The Guttmacher Institute is evaluating how sexual and reproductive health and rights fit into U.S. health care reform efforts. Previous analyses have described people’s wide array of sexual and reproductive health needs and laid out a set of principles for how to address them within the health care system. This analysis applies those principles to one specific health care reform proposal. Evaluations of additional proposals can be found here.

Proposal name and bill number: Choose Medicare Act (S. 2708, 115th Congress)

Proposal sponsor/author: Sen. Jeff Merkley (D-OR)

Proposal version date: 4/18/2018

Related proposals: H.R. 6117, 115th Congress, Rep.
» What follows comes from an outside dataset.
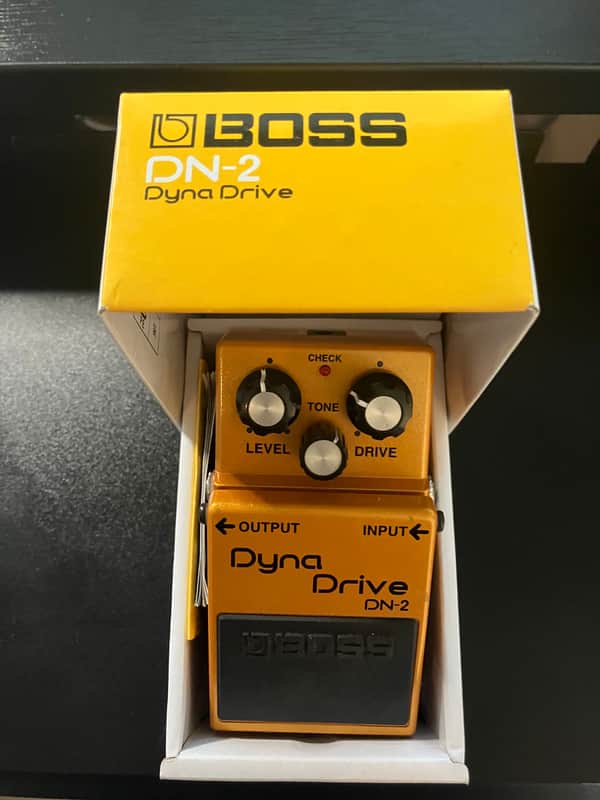 Boss DN-2 Dyna Drive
Cedric L. Richmond (D-LA)

Summary of Proposal

Creates new public health plans (known as Medicare Part E plans) that would be available as options for people buying insurance through an employer or on their own through the Affordable Care Act’s (ACA) health insurance marketplaces, with all of the ACA’s subsidies to make coverage more affordable. Does not directly alter other major aspects of the U.S. health care system.

Ensure Comprehensive Insurance Coverage for Everyone

Provide coverage to all without cost or paperwork barriers: Provides new options for U.S. residents purchasing insurance through an employer or the individual marketplace, but does not attempt to guarantee coverage for all U.S. residents. No explicit restrictions related to immigration status; however, “residency” would be defined by the Department of Health and Human Services, providing a hostile administration an opportunity to exclude many immigrants. Requires patients to pay monthly premiums but expands on the ACA’s premium subsidies.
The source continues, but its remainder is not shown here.